All GWAS summary statistics analysed in this study are publicly available as shown in Table 1 and Supplementary Table 1 for download by qualified researchers. The GWAS data for mental well-being traits can be obtained from the GWAS catalogue38 (https://www.ebi.ac.uk/gwas/publications/30643256). The GWAS data for aging phenotypes can be retrieved or requested from the study authors at https://doi.org/10.7488/ds/2972 (the aging-GIP14), https://doi.org/10.6084/m9.figshare.9204998.v3 (frailty index42), http://ftp.ebi.ac.uk/pub/databases/gwas/summary_statistics/GCST006001-GCST007000/GCST006620 (self-rated health43), https://doi.org/10.5281/zenodo.1302861 (healthspan44), https://doi.org/10.7488/ds/2463 (parental lifespan45) and https://www.longevitygenomics.org/downloads (longevity46).
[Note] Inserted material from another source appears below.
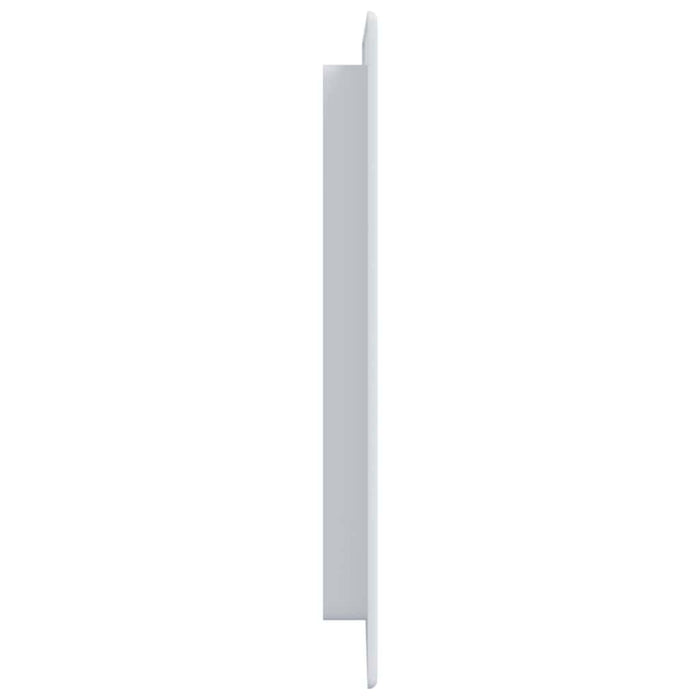 Panouri de acces 2 pcs Alb 20 x 20 x 2 cm Plastic ABS - WALTI WALTI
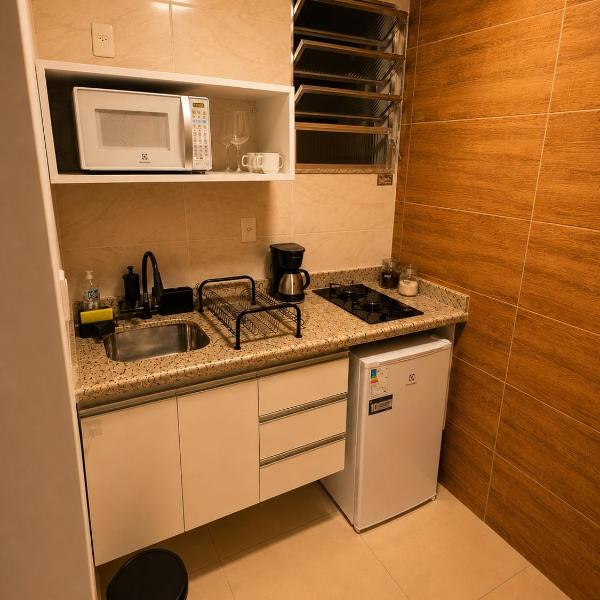 Modern Studio - Catete - Praia do Flamengo - Foto 4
All data generated in this study are included in the Supplementary Information.

Code availability

All the MR analyses were conducted using R packages TwoSampleMR (version 0.5.7), MVMR (version 0.4), MRPRESSO (version 1.0) and MRlap (version 0.0.3.0) in R software (version 4.3.1). Custom code that supports the findings of this study is available at https://github.com/yechaojie/mental_aging.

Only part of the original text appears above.